Patients With Prolonged Long COVID Will Likely Suffer From Nerve Damage And Peripheral Neuropathy


A new study by researchers from Harvard Medical School and Massachusetts General Hospital-USA shows that those with prolonged Long COVID will likely suffer from nerve damage and peripheral neuropathy.

The study finings were published in the peer reviewed journal: Neurology: Neuroimmunology & Neuroinflammation.

Neuromuscular evaluations proved useful in most of these patients with long COVID. However some symptoms, exam changes and test results may have been false-negative, given that assessments were not often optimally timed (e.g., #6) and many patients reported care delays.

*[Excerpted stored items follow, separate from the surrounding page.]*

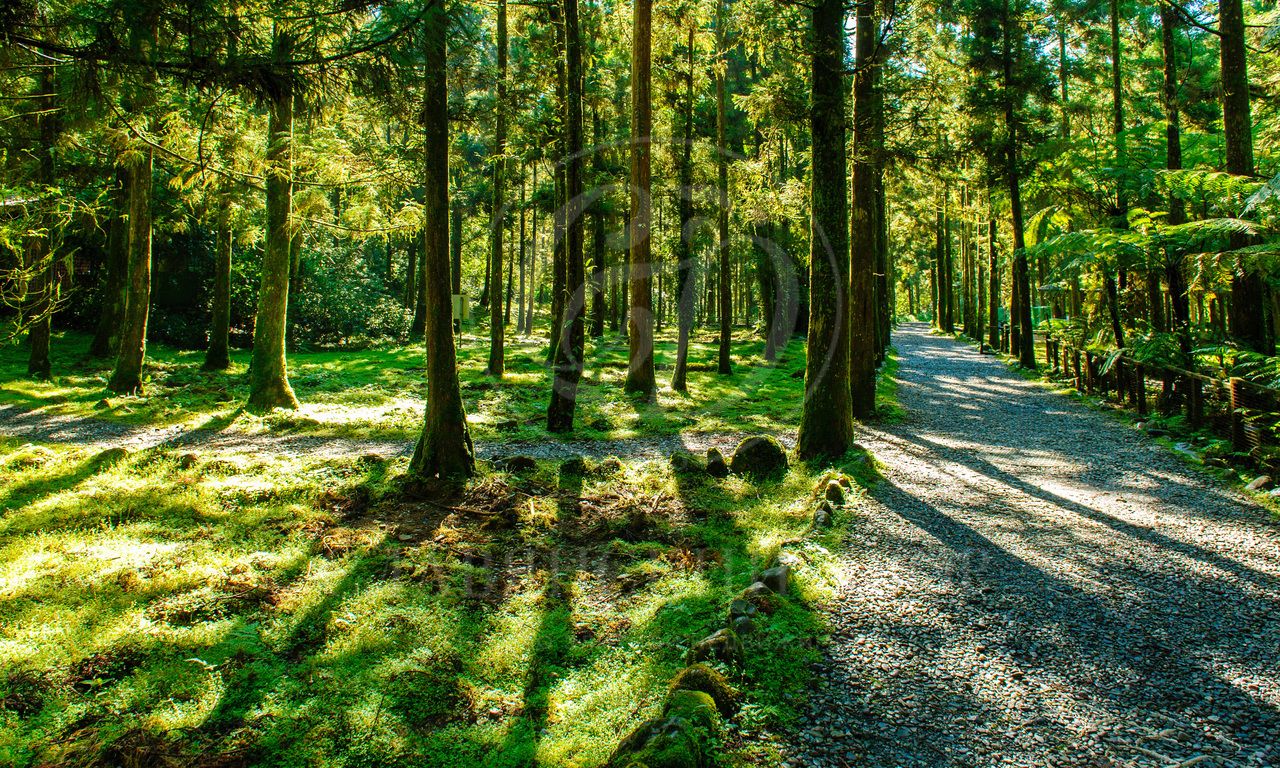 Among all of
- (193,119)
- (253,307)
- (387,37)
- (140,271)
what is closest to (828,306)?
(387,37)

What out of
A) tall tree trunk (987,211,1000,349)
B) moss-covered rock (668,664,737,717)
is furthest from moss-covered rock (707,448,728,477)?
tall tree trunk (987,211,1000,349)

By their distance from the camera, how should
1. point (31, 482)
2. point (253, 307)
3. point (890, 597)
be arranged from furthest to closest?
point (253, 307)
point (31, 482)
point (890, 597)

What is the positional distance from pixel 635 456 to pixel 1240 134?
10.6 m

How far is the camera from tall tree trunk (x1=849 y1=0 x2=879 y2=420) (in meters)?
11.1

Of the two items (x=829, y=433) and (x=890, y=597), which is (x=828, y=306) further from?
(x=890, y=597)

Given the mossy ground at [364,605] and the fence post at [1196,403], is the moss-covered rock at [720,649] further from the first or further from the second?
the fence post at [1196,403]

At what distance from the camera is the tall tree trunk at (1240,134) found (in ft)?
32.9

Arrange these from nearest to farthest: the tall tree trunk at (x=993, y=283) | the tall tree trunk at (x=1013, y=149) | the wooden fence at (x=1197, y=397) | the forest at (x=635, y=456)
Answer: the forest at (x=635, y=456) < the wooden fence at (x=1197, y=397) < the tall tree trunk at (x=1013, y=149) < the tall tree trunk at (x=993, y=283)

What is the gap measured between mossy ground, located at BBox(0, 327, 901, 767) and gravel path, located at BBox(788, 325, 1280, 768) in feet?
1.57

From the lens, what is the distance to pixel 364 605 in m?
5.06

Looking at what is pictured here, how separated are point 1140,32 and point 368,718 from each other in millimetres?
23114

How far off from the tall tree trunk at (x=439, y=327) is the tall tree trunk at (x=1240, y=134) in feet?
37.8

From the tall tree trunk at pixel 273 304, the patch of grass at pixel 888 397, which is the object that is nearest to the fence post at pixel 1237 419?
the patch of grass at pixel 888 397

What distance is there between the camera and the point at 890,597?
16.1ft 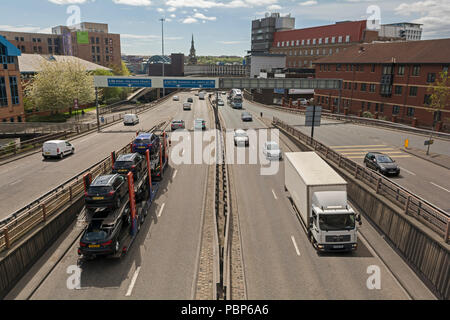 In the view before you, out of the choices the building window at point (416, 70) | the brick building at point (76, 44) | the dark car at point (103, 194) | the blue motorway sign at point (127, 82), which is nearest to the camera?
the dark car at point (103, 194)

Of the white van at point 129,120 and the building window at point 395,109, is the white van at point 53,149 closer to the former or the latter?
the white van at point 129,120

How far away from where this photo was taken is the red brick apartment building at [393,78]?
54.1m

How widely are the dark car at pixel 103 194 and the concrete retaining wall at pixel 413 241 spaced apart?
15.3m

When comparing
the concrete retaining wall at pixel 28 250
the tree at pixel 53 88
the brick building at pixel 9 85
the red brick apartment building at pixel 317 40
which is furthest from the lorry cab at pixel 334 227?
the red brick apartment building at pixel 317 40

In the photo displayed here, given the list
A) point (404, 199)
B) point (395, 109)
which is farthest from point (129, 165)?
point (395, 109)

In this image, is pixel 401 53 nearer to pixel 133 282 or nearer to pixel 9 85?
pixel 133 282

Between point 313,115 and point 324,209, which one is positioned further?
point 313,115

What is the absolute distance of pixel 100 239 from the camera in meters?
15.5

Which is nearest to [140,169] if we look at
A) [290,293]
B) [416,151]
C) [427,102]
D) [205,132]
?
[290,293]

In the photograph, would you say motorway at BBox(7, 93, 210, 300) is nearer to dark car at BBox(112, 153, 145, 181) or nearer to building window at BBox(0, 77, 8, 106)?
dark car at BBox(112, 153, 145, 181)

This reported case of multifocal motor neuropathy (Figure 1) increases the spectrum of COVID-associated dysimmune neuropathies. Critical illness neuropathy – reported in approximately 10% of intubated patients with COVID – is attributed to various prolonged insults including intense inflammation and nerve compressions.6 Inherent study limitations include bias toward referrals for sensory neuropathy and underpowering.

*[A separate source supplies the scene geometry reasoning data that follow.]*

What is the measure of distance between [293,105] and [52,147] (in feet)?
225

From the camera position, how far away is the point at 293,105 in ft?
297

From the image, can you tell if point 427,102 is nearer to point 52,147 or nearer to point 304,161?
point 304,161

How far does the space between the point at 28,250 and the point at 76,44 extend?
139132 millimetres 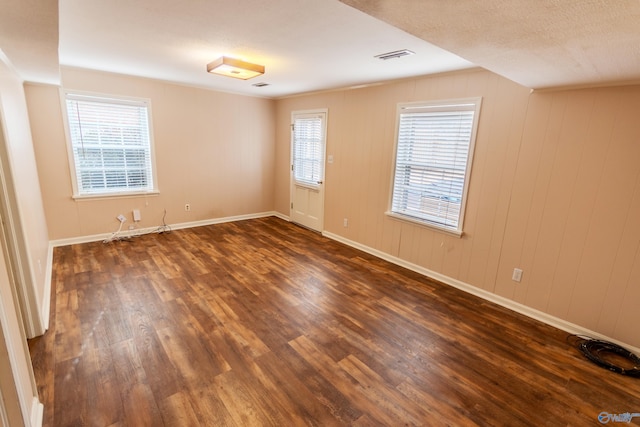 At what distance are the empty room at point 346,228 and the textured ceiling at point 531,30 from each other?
0.05ft

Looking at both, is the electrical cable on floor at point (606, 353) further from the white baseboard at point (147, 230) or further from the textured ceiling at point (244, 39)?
the white baseboard at point (147, 230)

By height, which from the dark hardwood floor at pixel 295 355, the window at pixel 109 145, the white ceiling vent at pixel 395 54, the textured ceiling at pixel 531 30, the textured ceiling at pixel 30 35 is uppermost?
the white ceiling vent at pixel 395 54

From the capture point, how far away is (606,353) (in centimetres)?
243

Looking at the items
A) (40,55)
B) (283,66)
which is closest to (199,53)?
Answer: (283,66)

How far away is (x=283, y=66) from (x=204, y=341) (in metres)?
2.89

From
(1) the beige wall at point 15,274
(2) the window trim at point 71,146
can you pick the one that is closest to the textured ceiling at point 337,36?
(2) the window trim at point 71,146

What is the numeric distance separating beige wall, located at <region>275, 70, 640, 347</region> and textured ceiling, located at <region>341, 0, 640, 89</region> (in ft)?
1.72

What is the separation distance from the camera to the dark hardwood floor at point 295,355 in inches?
70.2

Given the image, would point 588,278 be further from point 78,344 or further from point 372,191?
point 78,344

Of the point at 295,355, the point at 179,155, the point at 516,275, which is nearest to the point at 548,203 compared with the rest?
the point at 516,275

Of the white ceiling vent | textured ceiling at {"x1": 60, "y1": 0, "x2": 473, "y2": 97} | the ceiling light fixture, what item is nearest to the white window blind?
textured ceiling at {"x1": 60, "y1": 0, "x2": 473, "y2": 97}

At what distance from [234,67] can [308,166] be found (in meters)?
2.55

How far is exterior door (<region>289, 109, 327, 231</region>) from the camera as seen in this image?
5.02m

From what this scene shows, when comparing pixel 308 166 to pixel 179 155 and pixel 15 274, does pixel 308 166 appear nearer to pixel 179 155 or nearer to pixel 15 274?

The initial evaluations reported occurred at varying times during the illness and treatment, whereas longitudinal assessments at standardized intervals are ideal for diagnostic and treatment decisions. Timing also complicates analysis of blood testing for immune markers (not shown).

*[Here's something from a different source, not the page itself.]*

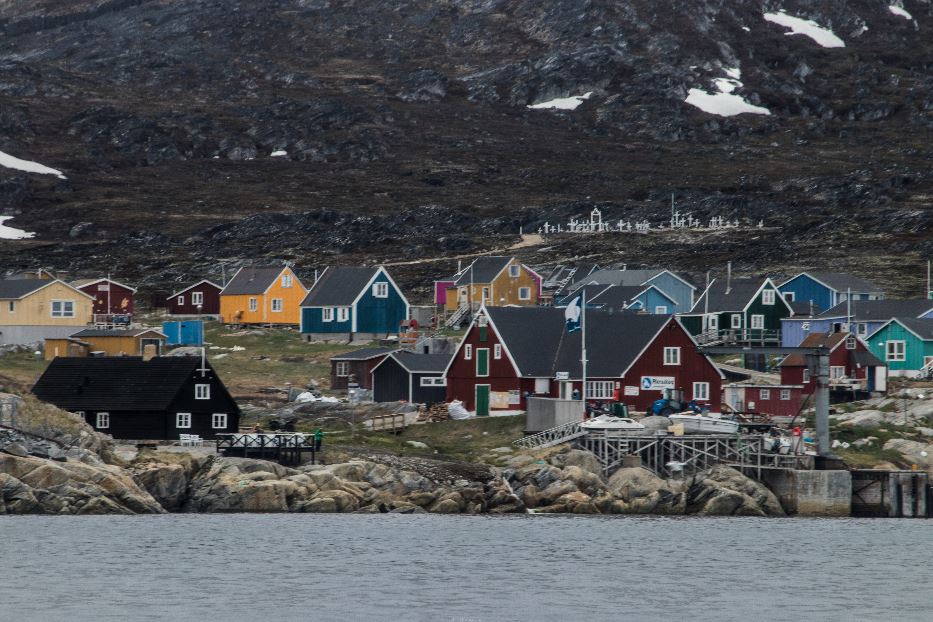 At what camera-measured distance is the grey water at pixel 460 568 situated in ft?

We screened patients with newly diagnosed neuropathy for all common established causes of distal sensory neuropathy, including routinely measuring ANA, ESR, IgG anti–SS-A/SS-B antibodies, and complement components C3 and C4, the most productive markers of dysimmunity in initially idiopathic SFN.7 We did not detect evidence of Sjögren syndrome, and other inflammatory markers were only occasionally elevated.

Interpretation is complex as early elevations could be nonspecifically associated with acute COVID, and many months later, inflammation and markers might have subsided leaving residual axonopathy as the proximate cause of current symptoms. Regeneration can take up to 2 years or be incomplete.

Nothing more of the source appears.